Court Monitor

Texas Town Battles Supremacist Court Over Illegal Aliens

Many towns, from Hazleton, Pennsylvania to Valley Park, Missouri, have passed local ordinances to combat the harm caused by illegal aliens. These ordinances discourage landlords from renting to illegals and penalize employers who hire them.

About 100 towns and counties in America have considered these laws. Oklahoma and five other states have passed laws imposing sanctions on employers who hire illegal aliens. Until recently, however, no laws of this sort were passed in Texas, a state having a high concentration of illegal aliens.

Farmers Branch, a Dallas suburb, became the first Texas town to pass an ordinance preventing landlords from renting to illegal aliens. Ordinance 2903 simply required landlords to verify the legal status of their tenants. The ACLU and others, including even the prominent New York law firm of Weil, Gotschal and Manges, sued Farmers Branch to overturn this ordinance (http://www.aclu.org/pdfs/immigrants/vasquez_complaint.pdf). On its website, the ACLU brags that it is also challenging such ordinances and laws in five other states: California, Georgia, Missouri, New Jersey and Pennsylvania (http://www.aclu.org/immigrants/discrim/27859res20070105.html).

Arguments against the Farmers Branch ordinance included speculation about negative financial effects; the possibility it excludes legal immigrants and citizens from renting; a claim that the law was difficult to comply with because it lacked clarity; and an argument it makes property owners act as “police.”

District Judge Sam A. Lindsay held in favor of the ACLU, and prevented the town from enforcing the ordinance. Villas at Parkside v. City of Farmers Branch, 2008 U.S. Dist. LEXIS 42449 (N.D. Tex. 2008). On May 28 he declared the rule unconstitutional, and granted summary judgment without even allowing the case to go to trial. He held that federal law preempts this particular ordinance. In other words, he found that this ordinance conflicts with federal law concerning immigration, such as federal housing regulations, and thus the ordinance is invalid.

Farmers Branch, and countless towns like it, could thereby be left helpless to the harm done by unlawful immigration, which can include heinous crimes, increased violence, economic harm, and cultural division. For some small towns, the unlawfulness associated with an influx of illegal aliens causes a dramatic change in overall living conditions.

Representatives of Farmers Branch said they expected the ordinance to be overturned, but had no intention of appealing. Instead, they tried a new tactic. Determined to defend themselves against illegal aliens and anticipating the legal ruling, last January the City Council adopted a new Ordinance 2952, which requires prospective renters to pay $5 for a license to rent a house or apartment. The city government itself then checks the names of the renters against a federal database to ensure they are here legally. Michael Jung of Strasburger & Price, the law firm representing the city, said, “The legal problems ... [Judge Lindsay] identifies with Ordinance 2903 have been addressed and we believe resolved in Ordinance 2952.”

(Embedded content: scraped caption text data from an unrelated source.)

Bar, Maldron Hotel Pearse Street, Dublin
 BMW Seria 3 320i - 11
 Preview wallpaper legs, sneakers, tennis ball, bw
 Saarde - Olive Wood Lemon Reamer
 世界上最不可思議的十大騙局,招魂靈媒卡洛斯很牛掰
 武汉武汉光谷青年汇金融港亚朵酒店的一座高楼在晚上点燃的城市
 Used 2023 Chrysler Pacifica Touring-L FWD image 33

So the battle rages on between towns trying to protect themselves against unlawfulness, and supremacist courts that strike down reasonable ordinances. Unless towns can defend themselves against illegal aliens, the unlawful migration will only worsen. With no incentive to become legal, aliens exploit America’s benefits at no cost to themselves.

Some courts have upheld local laws against unlawful immigration. Ira Mehlman, spokesman for the Federation for American Immigration Reform, said, “There are a lot of conflicting legal opinions floating out there, and obviously, at some point, they are going to have to be bundled up by a higher court.” But it will be many years before the U.S. Supreme Court takes one of these cases and resolves the problem nationwide.